→ WHAT THE TASK ASKS
Retype only the lines below from the one with "Nonlinear Mechanics of Structures" to the one with "上海移动手机的最低充值金额？", inclusive, skipping every image.

→ GIVEN DATA

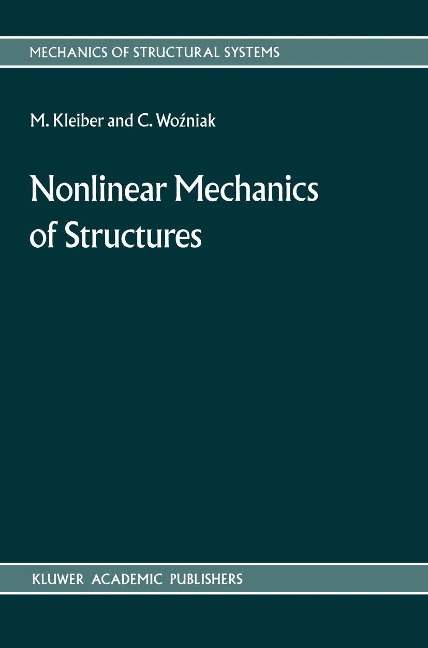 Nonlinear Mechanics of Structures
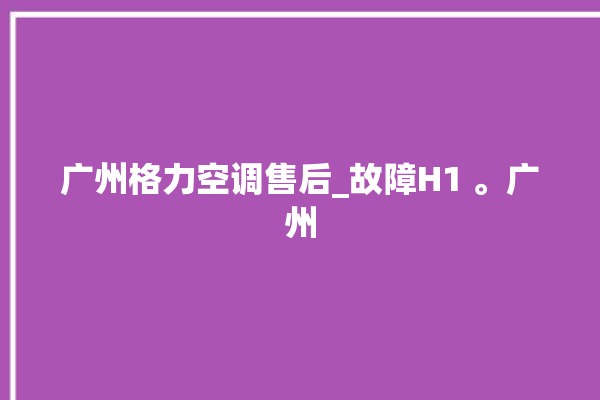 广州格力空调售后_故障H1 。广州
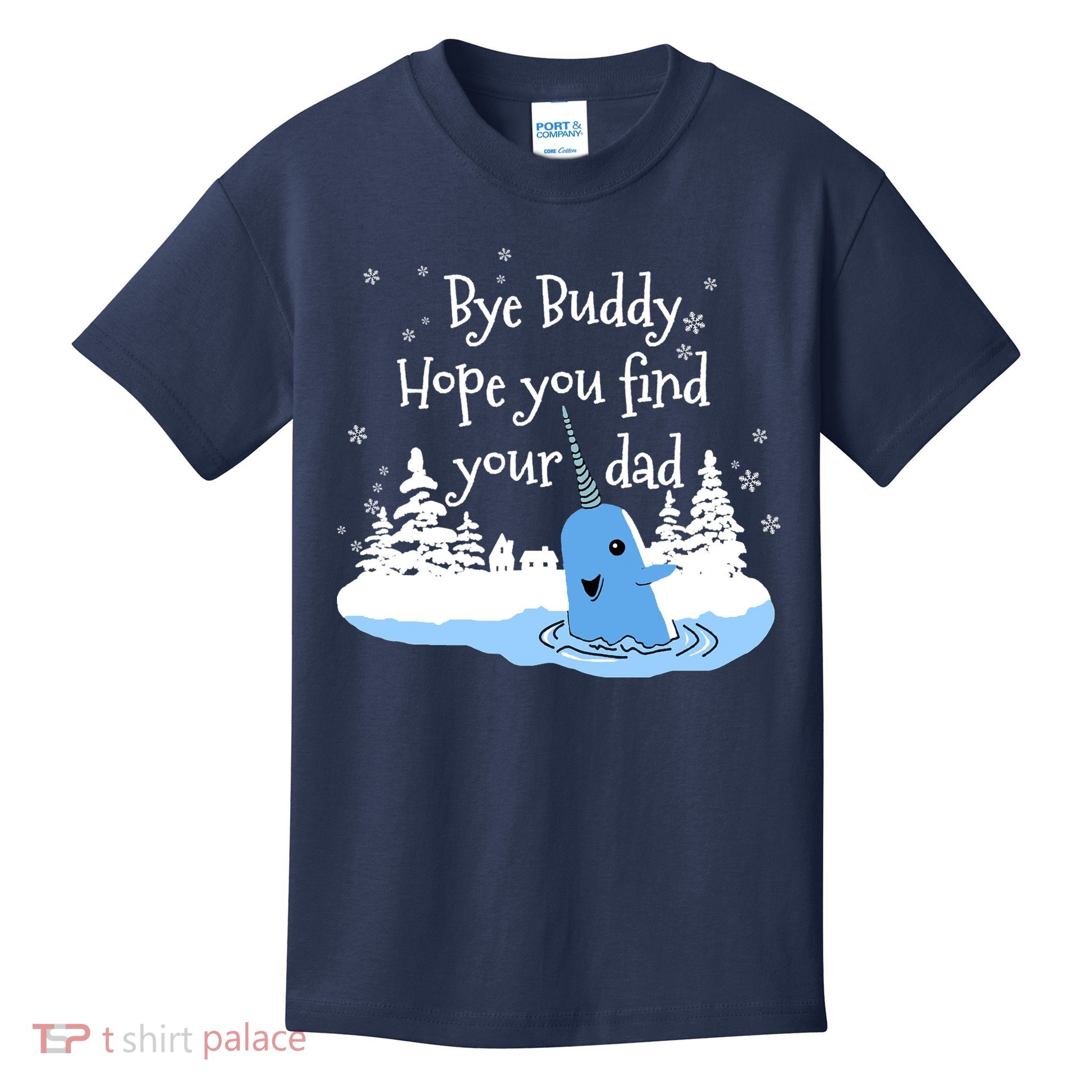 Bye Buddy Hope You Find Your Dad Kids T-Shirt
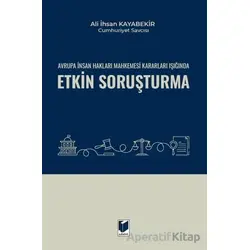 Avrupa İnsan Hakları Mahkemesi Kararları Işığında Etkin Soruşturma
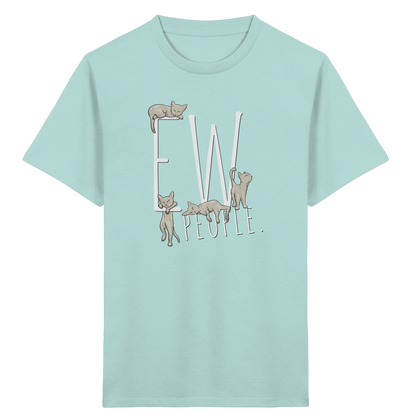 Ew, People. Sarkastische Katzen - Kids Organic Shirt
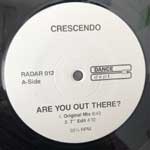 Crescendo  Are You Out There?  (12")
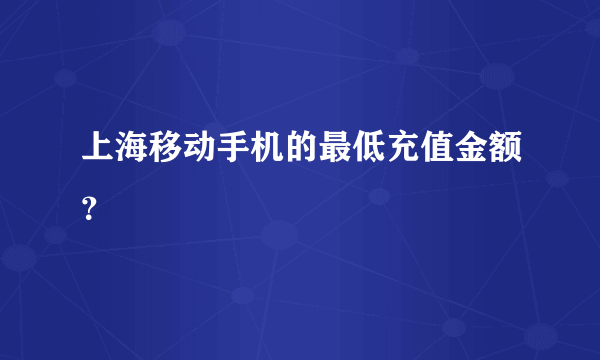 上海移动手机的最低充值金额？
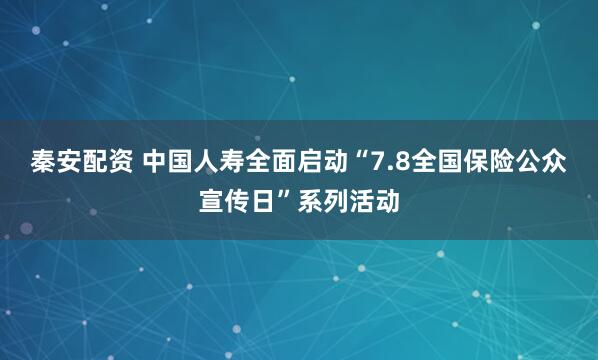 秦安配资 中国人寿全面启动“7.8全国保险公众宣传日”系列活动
* * *
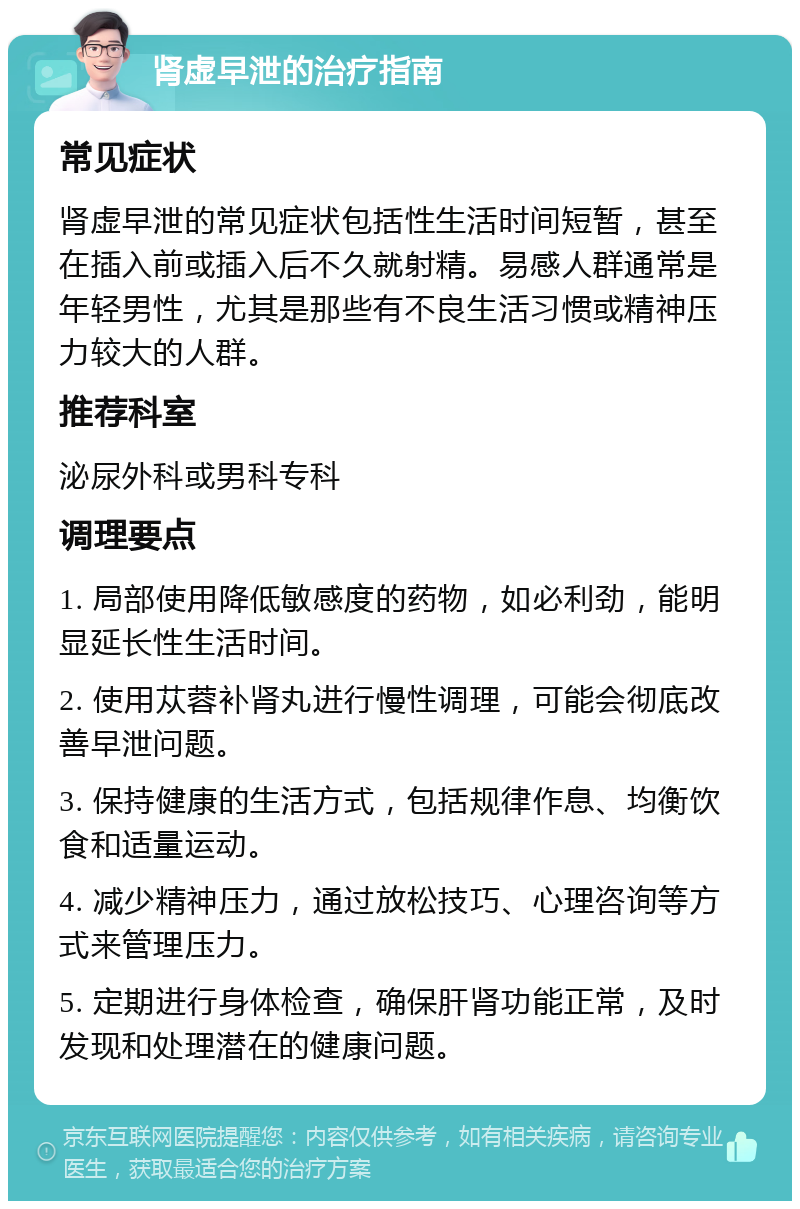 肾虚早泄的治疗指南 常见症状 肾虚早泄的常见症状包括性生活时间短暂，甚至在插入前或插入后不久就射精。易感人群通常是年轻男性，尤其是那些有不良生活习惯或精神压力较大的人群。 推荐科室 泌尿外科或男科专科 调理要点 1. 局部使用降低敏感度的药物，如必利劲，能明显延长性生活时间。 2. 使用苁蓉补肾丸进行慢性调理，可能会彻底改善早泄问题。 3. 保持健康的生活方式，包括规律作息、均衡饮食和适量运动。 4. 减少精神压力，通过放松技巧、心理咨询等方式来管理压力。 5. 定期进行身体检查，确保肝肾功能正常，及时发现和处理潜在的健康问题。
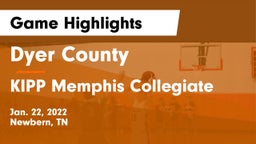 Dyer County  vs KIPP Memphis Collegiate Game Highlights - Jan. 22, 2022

→ TASK OUTPUT
 Nonlinear Mechanics of Structures
 广州格力空调售后_故障H1 。广州
 Bye Buddy Hope You Find Your Dad Kids T-Shirt
 Avrupa İnsan Hakları Mahkemesi Kararları Işığında Etkin Soruşturma
 Ew, People. Sarkastische Katzen - Kids Organic Shirt
 Crescendo  Are You Out There?  (12")
 上海移动手机的最低充值金额？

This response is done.